--- START ---

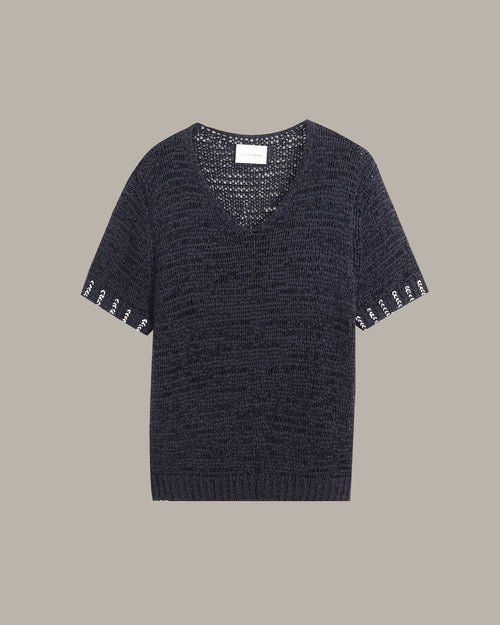 A dark navy blue knit short-sleeve top with a V-neck and decorative white embroidered lettering along the sleeve cuffs, displayed flat against a solid taupe background.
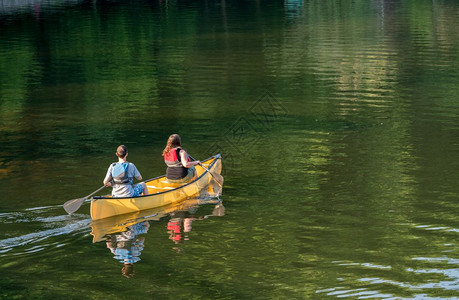 夫妇在湖边划独木舟图片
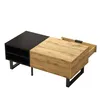A modern coffee table with a color-block design, featuring a black section with shelves and a wood-tone section with a pull-out drawer. The table has black metal legs. Produktbild-Vorschau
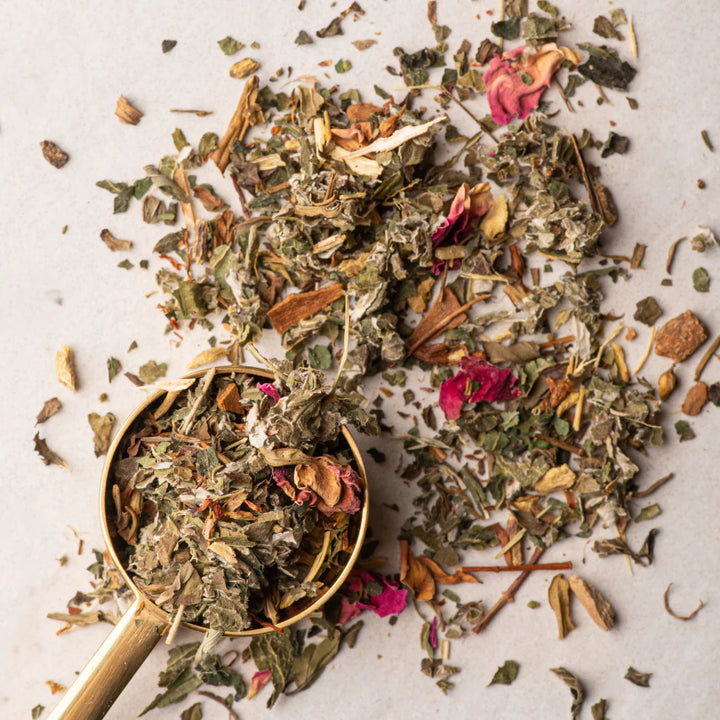 Spice mix with a gold spoon on a light background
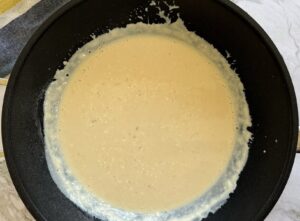 creamy thick white sauce in a black deep skillet.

--- END ---

Exclude the pictures and transcribe all of the entries exactly.

 A dark navy blue knit short-sleeve top with a V-neck and decorative white embroidered lettering along the sleeve cuffs, displayed flat against a solid taupe background.
 夫妇在湖边划独木舟图片
A modern coffee table with a color-block design, featuring a black section with shelves and a wood-tone section with a pull-out drawer. The table has black metal legs. Produktbild-Vorschau
 Spice mix with a gold spoon on a light background
 creamy thick white sauce in a black deep skillet.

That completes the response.